Prinicipal Bioanalyst

About The Position

Requirements

• A minimum of 7+ years' experience in pharmaceutical/biotechnology industry in a regulated bioanalytical environment, preferably with multiple modalities, including small molecules, large molecules, and ADCs.
• A Bachelor’s or Advanced Degree in Biology, Chemistry, Biochemistry, or a related field.
• Familiarity with current global bioanalytical regulatory guidance.
• History of hands-on bench-level experience with method development, validation, and troubleshooting is required. (Ligand-binding and/or LC-MS/MS)
• Experience managing relationships with global bioanalytical vendors (CRO’s) is required.
• Previous work with anti-cancer agents, ADCs, is required.
• Demonstrated experience supporting clinical and regulatory development of bioanalytical requirements, GxP regulations, with excellent working knowledge of the regulatory process.
• Excellent problem-solving skills and ability and desire to oversee multiple projects simultaneously in a fast-paced environment.
• Demonstrated experience in the development and execution of bioanalytical plans to support clinical development.
• Outstanding interpersonal and communication skills (written and oral) with ability to communicate complex information succinctly.
• Experience authoring relevant sections of global regulatory submissions and interacting with global health authorities.
• Ability to drive collaboration, achieve results, influence, and resolve conflicts across internal and external project teams

Responsibilities

• Develop and implement bioanalytical assays for compounds in clinical development.
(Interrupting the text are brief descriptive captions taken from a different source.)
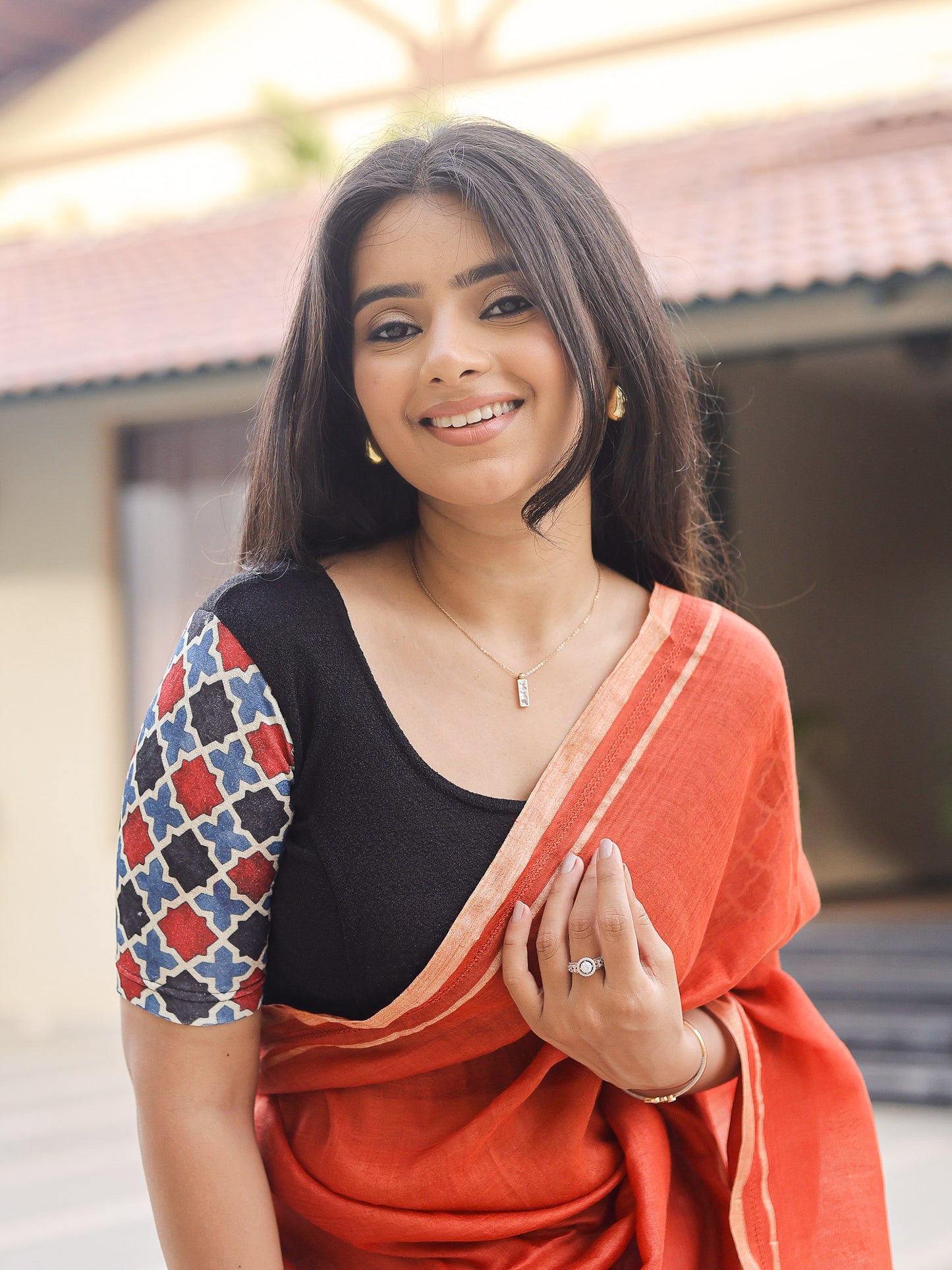 Manek Midnight Black Mirror Ajrakh Saree Blouse – Festive Stretchable by Advi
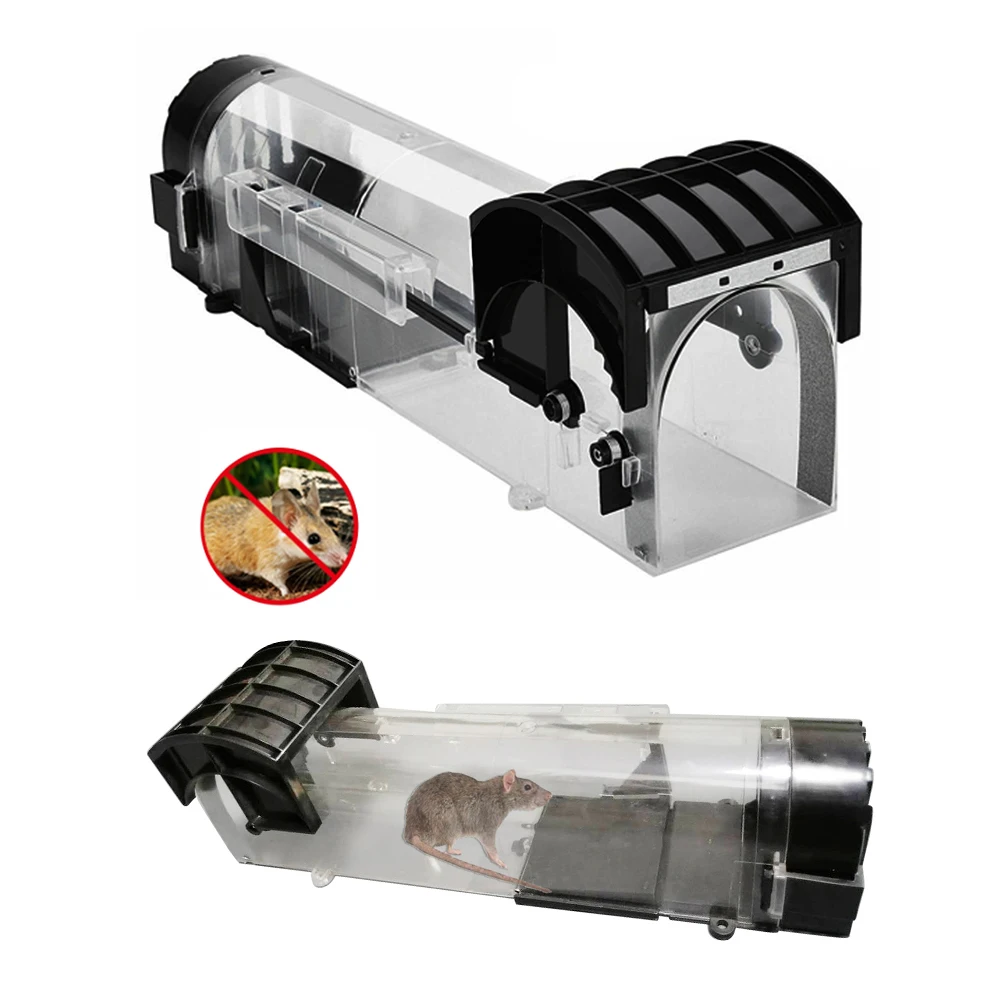 50PCS/LOT Transparent View Catching Live Mouse Trap Station
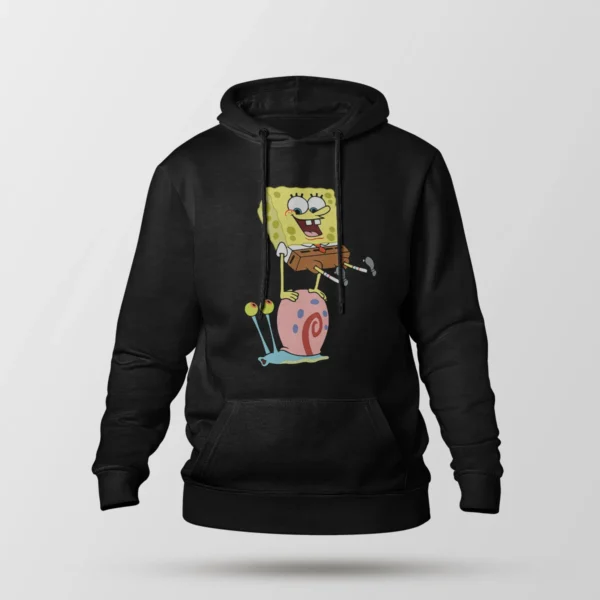 هودی باب اسفنجی طرح نشسته روی جعبه ابزار (SpongeBob)
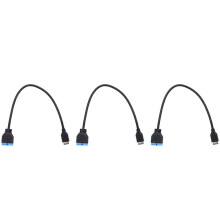 3X USB 3.1 Front Panel Header to USB 3.0 20Pin Header Extension Cable for  Motherboard 20cm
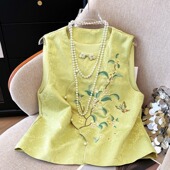 百搭背心小衫 上衣贵气唐装 气质无袖 国风刺绣花朵女马甲新中式
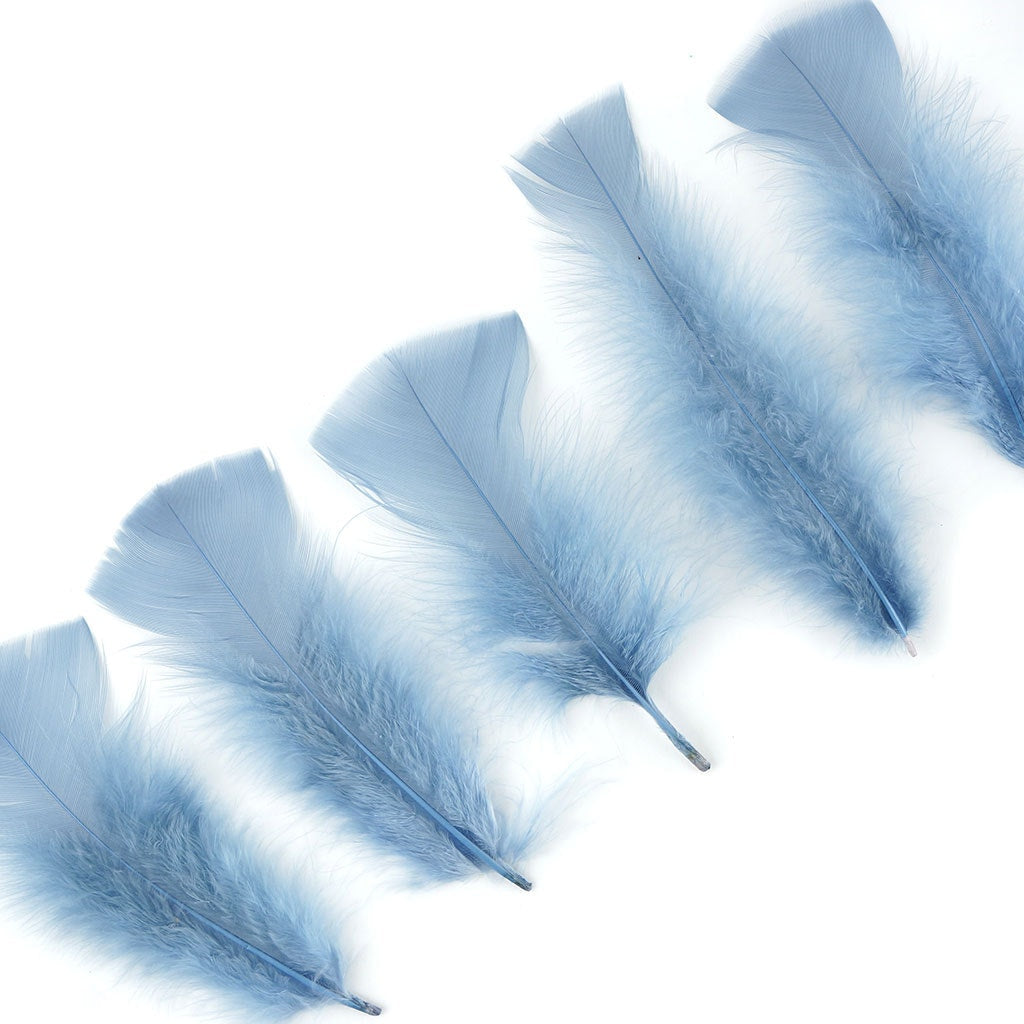 Turkey Feather Flats Dyed - Country Blue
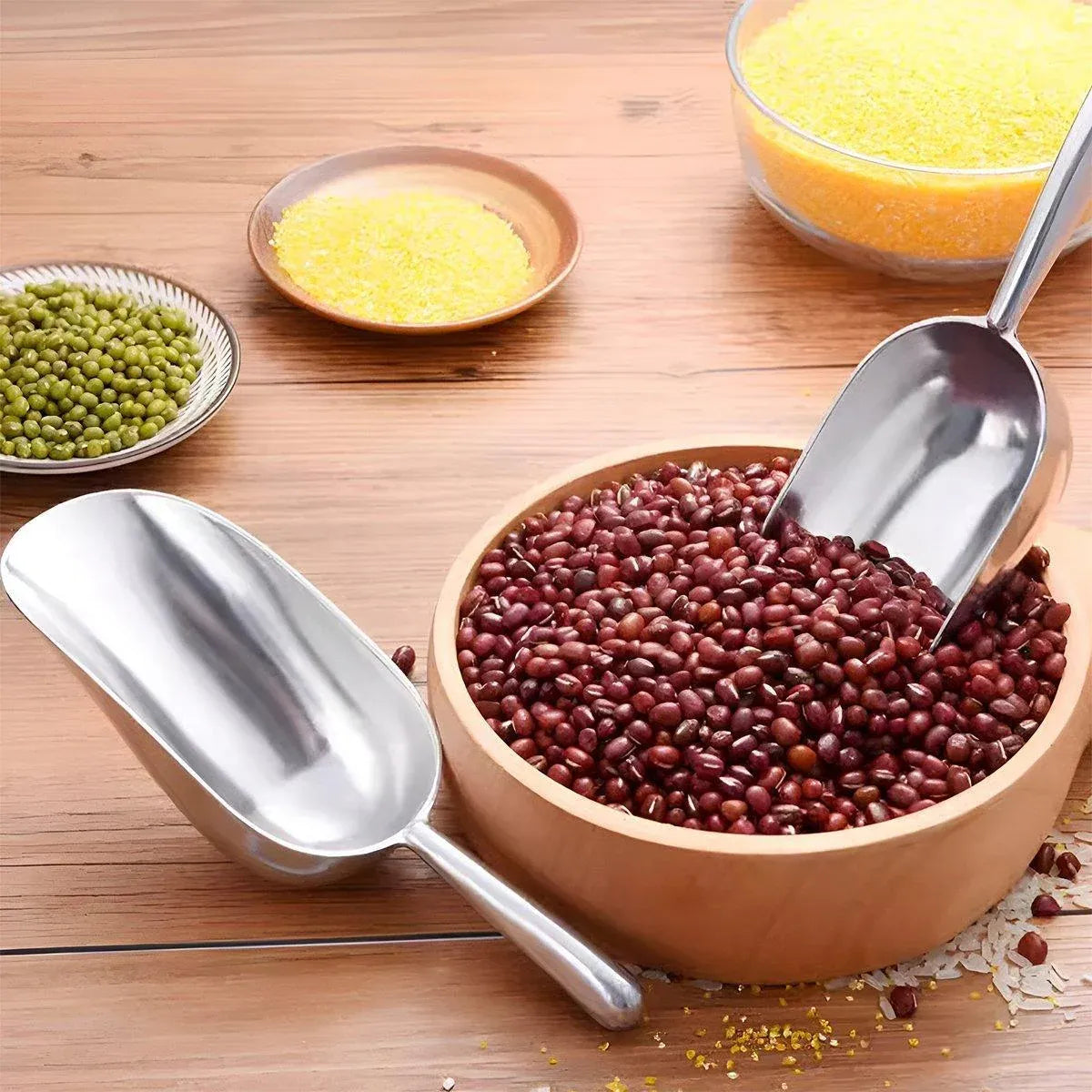 4 Sizes Aluminum Alloy Ice Shovel Flour Rice Scoop Multipurpose Kitchen Tool - XL V528-SPATULA-XL-818156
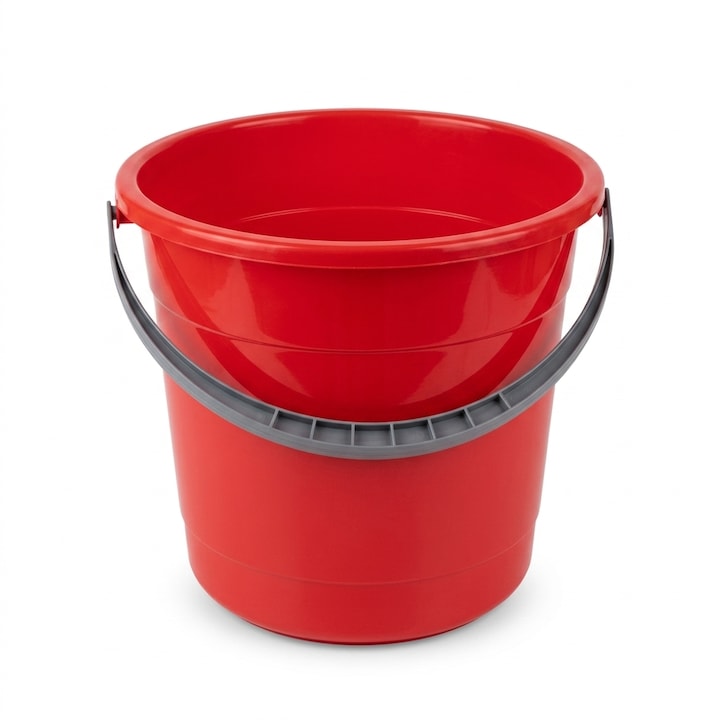 Galeata curatenie Adison rotunda 10 L, din plastic, cu maner metalic, pentru casa si curte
This includes scientific and technical oversight of CROs performing the bioanalytical lab work as well as ensuring scientific and regulatory compliance.
• Act as the primary contact and maintain working relationships with external vendors to facilitate execution of bioanalytical strategies.
• Actively partner with other functions and departments to ensure that programs are progressed seamlessly through the development process; ensure bioanalytical subject matter expertise is represented in cross-functional project teams.
• Author relevant sections of clinical study protocols, analysis plans, reports and regulatory submissions (such as IBs, CTDs, INDs, BLAs).